Литмир - Электронная Библиотека
A
A

Набоков не упускал случая расписаться в своей неприязни к Достоевскому, даже утверждал в лекциях по русской литературе, что он вовсе не великий, а вполне посредственный писатель. Повлияло ли это на место Достоевского в истории мировой литературы? Изменило ли это чье-либо отношение к Набокову?

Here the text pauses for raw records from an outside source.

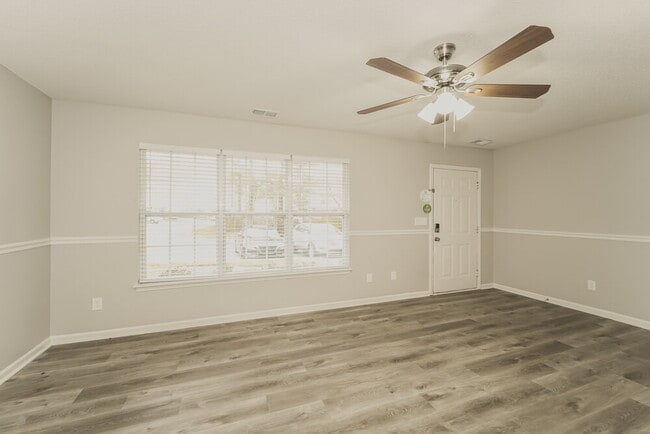 Building Photo - 5966 Cougar Ln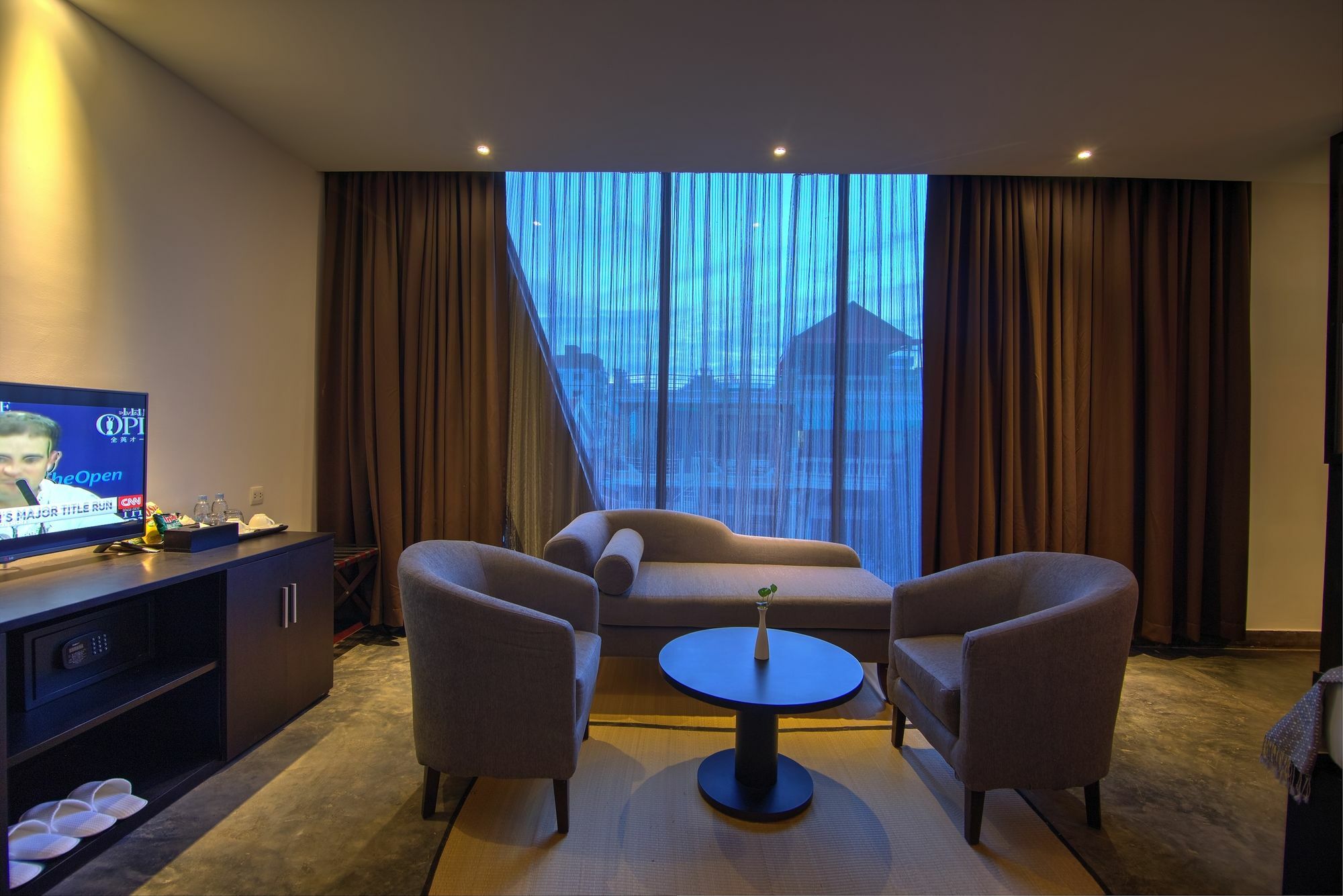 The Palm Boutique Hotel & Residence 프놈펜 외부 사진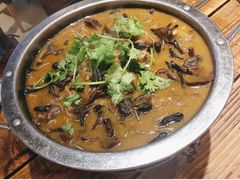 小鸡炖蘑菇粉条-關東雪东北菜(中庚漫游城店)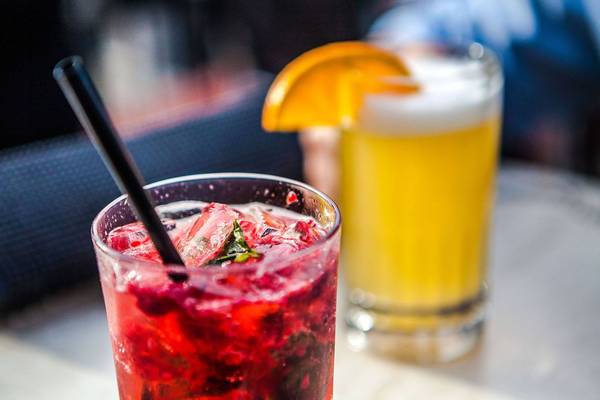 Rooftopbar Terrasse Nelligan - Old Montreal - Quebec - Canada - Doets Reizen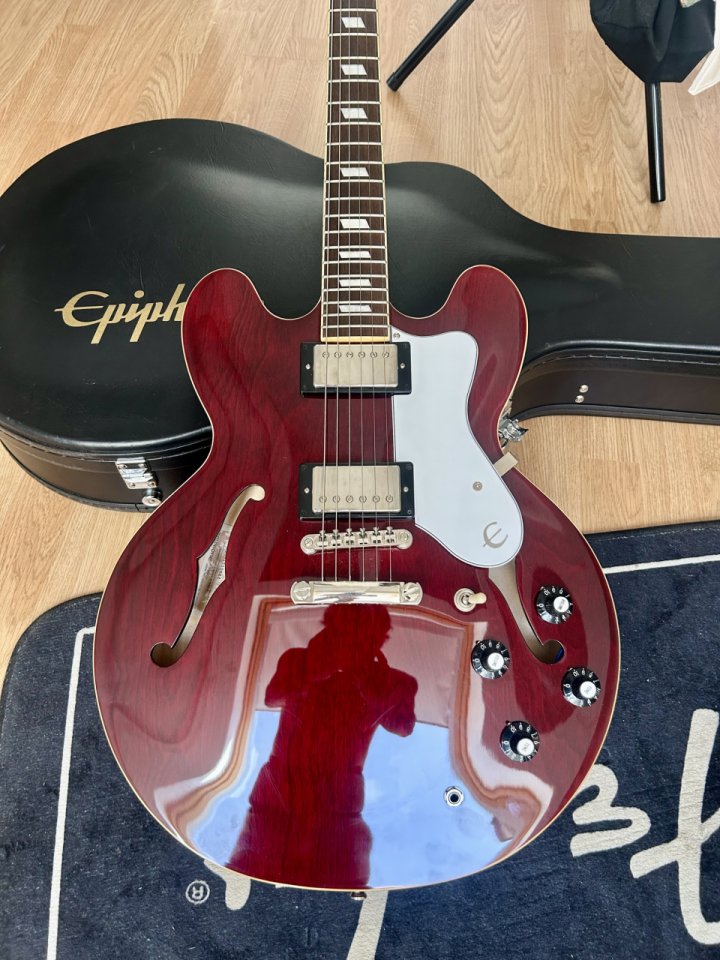 Epiphone Noel Gallagher (Nueva con Estuche) Nueva de segunda mano · Foto 10 de 10 · Valencia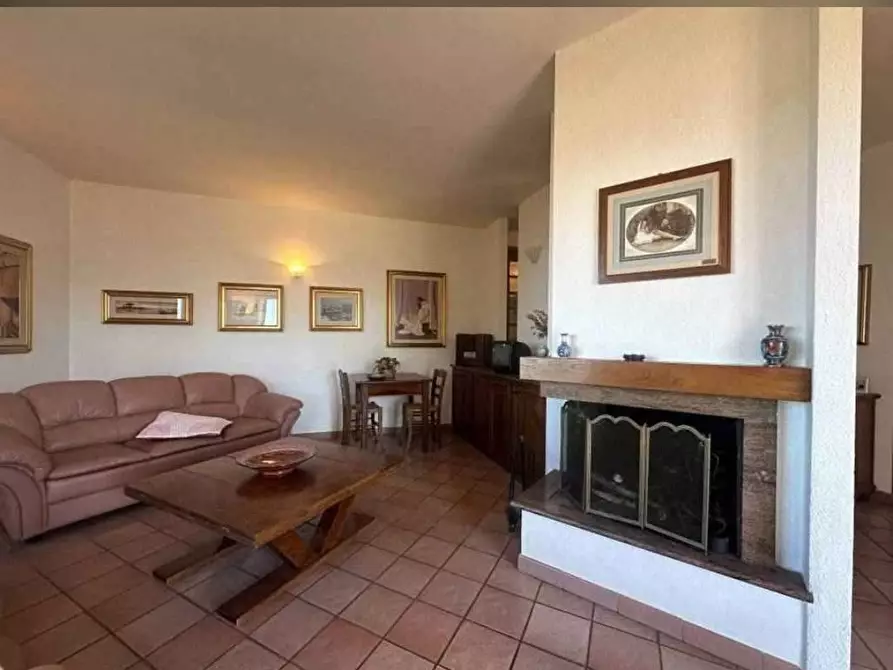 Immagine 7 di Villa in vendita  a Semproniano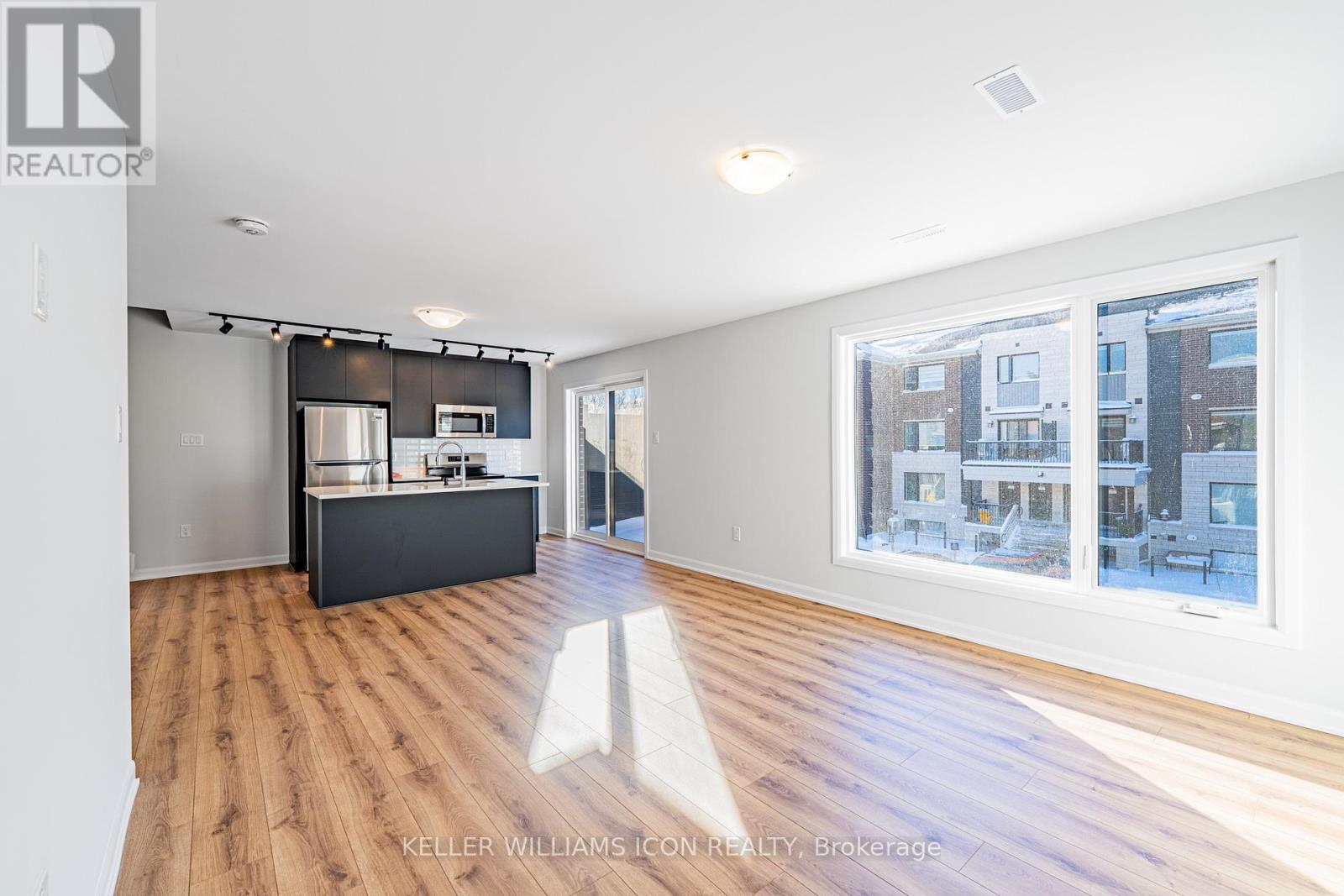 1128 Creekway Private, Ottawa, Ontario  K2T 0S9 - Photo 13 - X12635594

Коржавин совершенно прав, когда выражает недоумение бурной реакцией на достаточно спокойные суждения Солженицына. Прав он и когда говорит, что оппоненты Солженицына защищают культ Бродского. Прав, на мой взгляд, и когда утверждает, что мировой известности и Нобелевской премии тот сильно обязан своей биографии, скандальному процессу, изгнанию, последовавшей поддержке зарубежных русистов. Но попытки нанести этому культу «непоправимый ущерб» восклицанием «король гол» обречены на провал.

Область воздействия поэзии на читателя – это сфера, где трудно приходится правдолюбцу, уверенному в «органической связи искусства с Высоким и Добрым» (и не обнаружившему у Бродского этой связи). Коржавин признает, что Бродский оказал большое влияние на современную поэзию, «но вряд ли оно было благотворно». Справедливость требует признать, что противоположная точка зрения на вклад Бродского в поэзию имеет не меньшее право на существование и что ценители его поэзии не «пребывают в заблуждении», а просто имеют мнение, отличное от коржавинского.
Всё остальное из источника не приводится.